Read about the knowledge graph and about how many enterprises are already embracing the idea of benefiting from it.
The Semantic Web, both as a research field and a technology stack, is seeing mainstream industry interest, especially with the knowledge graph concept emerging as a pillar for data well and efficiently managed. But what exactly are we talking about when we talk about the Semantic Web? And what are the commercial implications of semantic technologies for enterprise data?
The Semantic Web started in the late 90’s as a fascinating vision for a web of data, which is easy to interpret by both humans and machines. One of its pillars are ontologies that represent explicit formal conceptual models, used to describe semantically both unstructured content and databases. While Semantic Web is often condemned for being too academic, two of its incarnations already enjoy massive adoption.
The first one is Schema.org: millions of web pages are tagged with semantic annotations to enable a much better web search experience. The second one is the Linked Open Data (LOD): a cloud of interlinked structured datasets published without centralized control across thousands of servers. Knowledge graphs (KG) came later, but quickly became a powerful driver for the adoption of Semantic Web standards and all species of semantic technology implementing them. KGs bring the Semantic Web paradigm to the enterprises, by introducing semantic metadata to drive data management and content management to new levels of efficiency and breaking silos to let them synergize with various forms of knowledge management.
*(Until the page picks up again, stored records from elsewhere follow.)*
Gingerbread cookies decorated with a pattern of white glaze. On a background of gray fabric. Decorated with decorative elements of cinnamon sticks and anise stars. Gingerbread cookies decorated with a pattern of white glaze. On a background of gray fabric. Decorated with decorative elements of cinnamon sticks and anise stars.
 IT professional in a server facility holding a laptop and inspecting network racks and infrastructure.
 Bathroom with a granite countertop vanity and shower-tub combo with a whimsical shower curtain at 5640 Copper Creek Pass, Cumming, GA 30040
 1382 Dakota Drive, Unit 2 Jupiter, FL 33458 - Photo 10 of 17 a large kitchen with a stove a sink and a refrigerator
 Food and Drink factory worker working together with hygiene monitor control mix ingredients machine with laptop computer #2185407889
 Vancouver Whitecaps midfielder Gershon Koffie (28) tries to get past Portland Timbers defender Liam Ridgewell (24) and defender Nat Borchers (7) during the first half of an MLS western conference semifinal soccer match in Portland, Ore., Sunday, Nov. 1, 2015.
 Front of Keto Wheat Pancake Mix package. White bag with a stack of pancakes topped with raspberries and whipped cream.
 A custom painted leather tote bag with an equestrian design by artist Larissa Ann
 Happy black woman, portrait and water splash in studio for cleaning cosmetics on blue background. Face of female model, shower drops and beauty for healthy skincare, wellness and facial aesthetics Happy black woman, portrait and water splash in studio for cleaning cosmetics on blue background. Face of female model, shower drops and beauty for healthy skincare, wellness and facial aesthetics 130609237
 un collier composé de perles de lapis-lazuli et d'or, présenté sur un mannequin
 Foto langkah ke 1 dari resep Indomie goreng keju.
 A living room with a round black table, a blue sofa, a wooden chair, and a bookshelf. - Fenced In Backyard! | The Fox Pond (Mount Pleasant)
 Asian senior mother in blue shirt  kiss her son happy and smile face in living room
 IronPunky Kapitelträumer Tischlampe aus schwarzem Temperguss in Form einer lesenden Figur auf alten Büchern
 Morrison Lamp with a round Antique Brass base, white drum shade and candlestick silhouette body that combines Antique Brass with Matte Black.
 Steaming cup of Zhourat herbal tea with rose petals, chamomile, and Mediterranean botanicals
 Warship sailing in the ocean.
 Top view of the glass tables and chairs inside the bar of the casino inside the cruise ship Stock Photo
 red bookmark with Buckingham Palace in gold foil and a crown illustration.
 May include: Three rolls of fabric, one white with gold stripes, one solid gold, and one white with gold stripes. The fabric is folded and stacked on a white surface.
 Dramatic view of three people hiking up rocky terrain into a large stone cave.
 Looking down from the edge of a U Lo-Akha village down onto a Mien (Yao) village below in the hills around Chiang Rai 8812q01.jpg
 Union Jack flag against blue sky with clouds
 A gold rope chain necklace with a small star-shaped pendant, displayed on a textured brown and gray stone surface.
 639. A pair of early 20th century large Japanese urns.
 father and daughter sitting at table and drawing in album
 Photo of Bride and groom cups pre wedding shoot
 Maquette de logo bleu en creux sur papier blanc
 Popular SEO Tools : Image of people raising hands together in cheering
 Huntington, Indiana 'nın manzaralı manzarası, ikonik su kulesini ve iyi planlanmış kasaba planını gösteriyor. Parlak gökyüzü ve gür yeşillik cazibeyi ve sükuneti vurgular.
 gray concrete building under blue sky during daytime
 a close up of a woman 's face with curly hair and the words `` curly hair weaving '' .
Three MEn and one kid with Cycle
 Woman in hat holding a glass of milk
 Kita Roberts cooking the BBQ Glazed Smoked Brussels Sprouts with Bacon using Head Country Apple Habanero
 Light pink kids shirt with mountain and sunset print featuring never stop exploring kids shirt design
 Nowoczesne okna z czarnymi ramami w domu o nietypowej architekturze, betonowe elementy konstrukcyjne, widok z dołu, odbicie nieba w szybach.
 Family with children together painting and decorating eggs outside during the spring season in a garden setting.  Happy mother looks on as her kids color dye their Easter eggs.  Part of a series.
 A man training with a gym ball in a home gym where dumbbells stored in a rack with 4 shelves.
This way KGs help organizations smarten up proprietary information by using global knowledge as context for interpretation and source for enrichment.
In this post you will discover the aspects of the Semantic Web that are key to enterprise data, knowledge and content management. We will walk you through the Semantic Web roots, the debate about it and further take you beyond its academic and visionary aspect into the world of efficient enterprise data management with semantic technologies and knowledge graphs. Connecting the dots for you between concepts like RDF, semantic annotation, Linked Open Data, we will help you understand why the Semantic Web will always work and how knowledge-intensive domains and applications can benefit from its affordances.
In 1994 Tim Berners Lee described the Web as “a flat, boring world devoid of meaning” (Plenary Talk Geneva) for computers. To set the stage for a Web more meaningful to our machines, in 1998, a Semantic Web Road Map came into being. After the design of this “architectural plan untested by anything except thought experiments”, in 2001 the Semantic Web seized the public’s imagination with a seminal article featured in Scientific American called: The Semantic Web: A new form of Web content that is meaningful to computers will unleash a revolution of new possibilities.
Today, 20 years after Tim Berners-Lee, James Hendler and Ora Lassila outlined a Semantic Web driven world where intelligent software agents automatically book flights and hotels and give us personalized answers, we can see Google transitioning from a search engine into a question-answering system and Alexa becoming a device that can book a flight for you. There are more than 80 million pages with semantic, machine interpretable metadata, according to the Schema.org standard. Take this restaurant, for example. Under the hood of its web content lie formalizations describing its address, opening hours, name and other details.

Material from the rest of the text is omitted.